Allow the lock delay to be provided

When a lock can't be acquired there is currently a hard coded delay (0.01) that is used before trying again, instead of having a hard coded delay we should allow this delay to be configured since having it set at a hard coded value can limit concurrency (if the delay is actually way to high) or cause to much contention (if the delay is actually way to low). This review adds on that logic and also uses the retrying library to perform the acquisition attempts (and associated failures when/if they occur); as well as shows logs after a given amount of time has elapsed with the logs being output at a given periodicity. Change-Id: Ideeefba1439ddd677c608d01becb4f6a0d4bc83d
2014-10-24 11:29:44 -07:00 · 2014-10-24 11:29:44 -07:00 · 46c836ee28
commit 46c836ee28
parent 3bda65ccbb
3 changed files with 109 additions and 31 deletions
--- a/oslo_concurrency/lockutils.py
+++ b/oslo_concurrency/lockutils.py
@ -28,6 +28,7 @@ import weakref

 from oslo.config import cfg
 from oslo.config import cfgfilter
+import retrying
 import six

 from oslo_concurrency._i18n import _, _LE, _LI
@ -64,6 +65,86 @@ def set_defaults(lock_path):
    cfg.set_defaults(_opts, lock_path=lock_path)

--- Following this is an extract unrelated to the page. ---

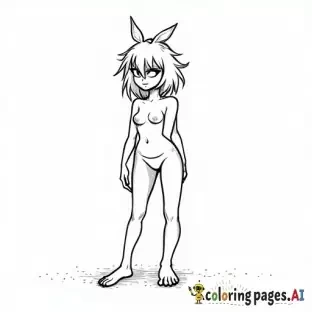 Cute female grinch naked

+class _Hourglass(object):
+    """A hourglass like periodic timer."""
+
+    def __init__(self, period):
+        self._period = period
+        self._last_flipped = None
+
+    def flip(self):
+        """Flips the hourglass.
+
+        The drain() method will now only return true until the period
+        is reached again.
+        """
+        self._last_flipped = time.time()
+
+    def drain(self):
+        """Drains the hourglass, returns True if period reached."""
+        if self._last_flipped is None:
+            return True
+        else:
+            elapsed = max(0, time.time() - self._last_flipped)
+            return elapsed >= self._period
+
+
+def _lock_retry(delay, filename,
+                # These parameters trigger logging to begin after a certain
+                # amount of time has elapsed where the lock couldn't be
+                # acquired (log statements will be emitted after that duration
+                # at the provided periodicity).
+                log_begins_after=1.0, log_periodicity=0.5):
+    """Retry logic that acquiring a lock will go through."""
+
+    # If this returns True, a retry attempt will occur (using the defined
+    # retry policy we have requested the retrying library to apply), if it
+    # returns False then the original exception will be re-raised (if it
+    # raises a new or different exception the original exception will be
+    # replaced with that one and raised).
+    def retry_on_exception(e):
+        if isinstance(e, IOError) and e.errno in (errno.EACCES, errno.EAGAIN):
+            return True
+        raise threading.ThreadError(_("Unable to acquire lock on"
+                                      " `%(filename)s` due to"
+                                      " %(exception)s") %
+                                    {
+                                        'filename': filename,
+                                        'exception': e,
+                                    })
+
+    # Logs all attempts (with information about how long we have been trying
+    # to acquire the underlying lock...); after a threshold has been passed,
+    # and only at a fixed rate...
+    def never_stop(hg, attempt_number, delay_since_first_attempt_ms):
+        delay_since_first_attempt = delay_since_first_attempt_ms / 1000.0
+        if delay_since_first_attempt >= log_begins_after:
+            if hg.drain():
+                LOG.debug("Attempting to acquire %s (delayed %0.2f seconds)",
+                          filename, delay_since_first_attempt)
+                hg.flip()
+        return False
+
+    # The retrying library seems to prefer milliseconds for some reason; this
+    # might be changed in (see: https://github.com/rholder/retrying/issues/6)
+    # someday in the future...
+    delay_ms = delay * 1000.0
+
+    def decorator(func):
+
+        @six.wraps(func)
+        def wrapper(*args, **kwargs):
+            hg = _Hourglass(log_periodicity)
+            r = retrying.Retrying(wait_fixed=delay_ms,
+                                  retry_on_exception=retry_on_exception,
+                                  stop_func=functools.partial(never_stop, hg))
+            return r.call(func, *args, **kwargs)
+
+        return wrapper
+
+    return decorator
+
+
 class _FileLock(object):
    """Lock implementation which allows multiple locks, working around
    issues like bugs.debian.org/cgi-bin/bugreport.cgi?bug=632857 and does
@ -87,9 +168,11 @@ class _FileLock(object):
        self.fname = name
        self.acquire_time = None

-    def acquire(self):
-        basedir = os.path.dirname(self.fname)
+    def acquire(self, delay=0.01):
+        if delay < 0:
+            raise ValueError("Delay must be greater than or equal to zero")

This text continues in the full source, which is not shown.